TASK: The data below is to be written out exactly, with no pictures.

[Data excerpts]
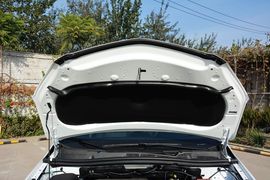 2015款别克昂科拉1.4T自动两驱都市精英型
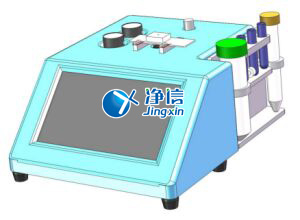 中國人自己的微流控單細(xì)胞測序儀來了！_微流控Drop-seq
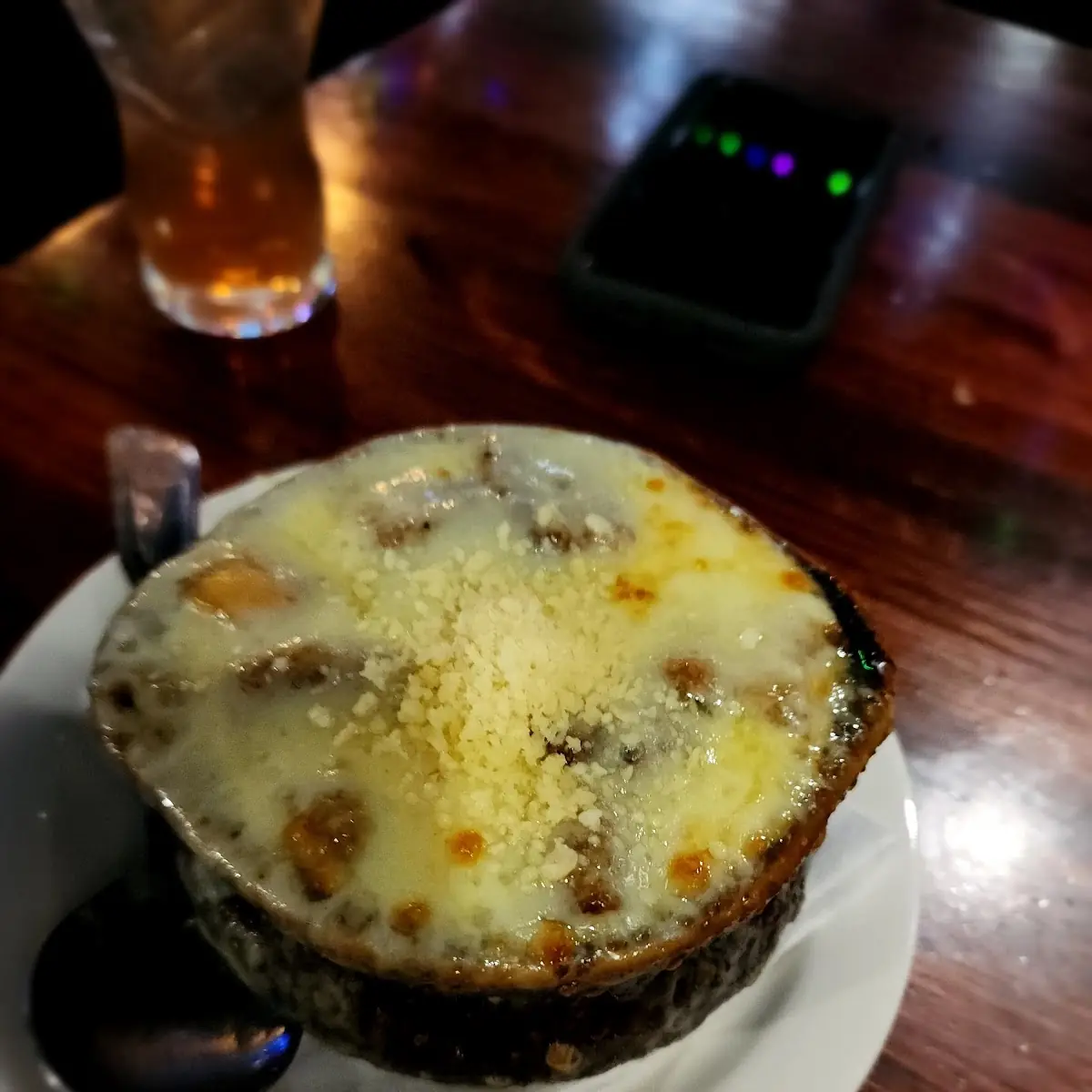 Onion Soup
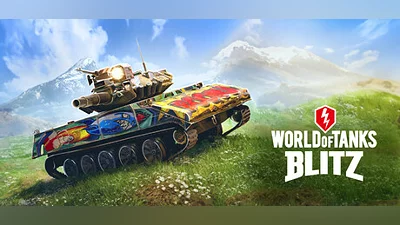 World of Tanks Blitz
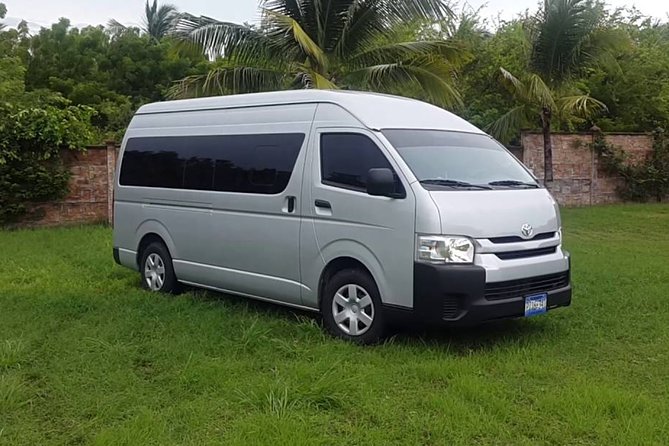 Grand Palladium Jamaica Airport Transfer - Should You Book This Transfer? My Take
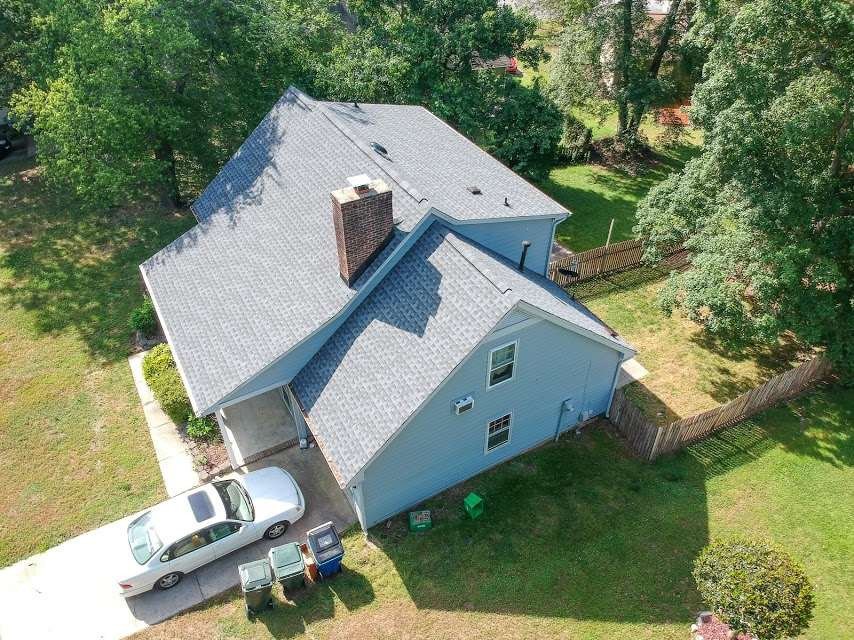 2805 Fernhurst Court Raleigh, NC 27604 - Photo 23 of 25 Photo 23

SOLUTION TO THE PROBLEM:
 2015款别克昂科拉1.4T自动两驱都市精英型
 中國人自己的微流控單細(xì)胞測序儀來了！_微流控Drop-seq
 Onion Soup
 World of Tanks Blitz
 Grand Palladium Jamaica Airport Transfer - Should You Book This Transfer? My Take
 2805 Fernhurst Court Raleigh, NC 27604 - Photo 23 of 25 Photo 23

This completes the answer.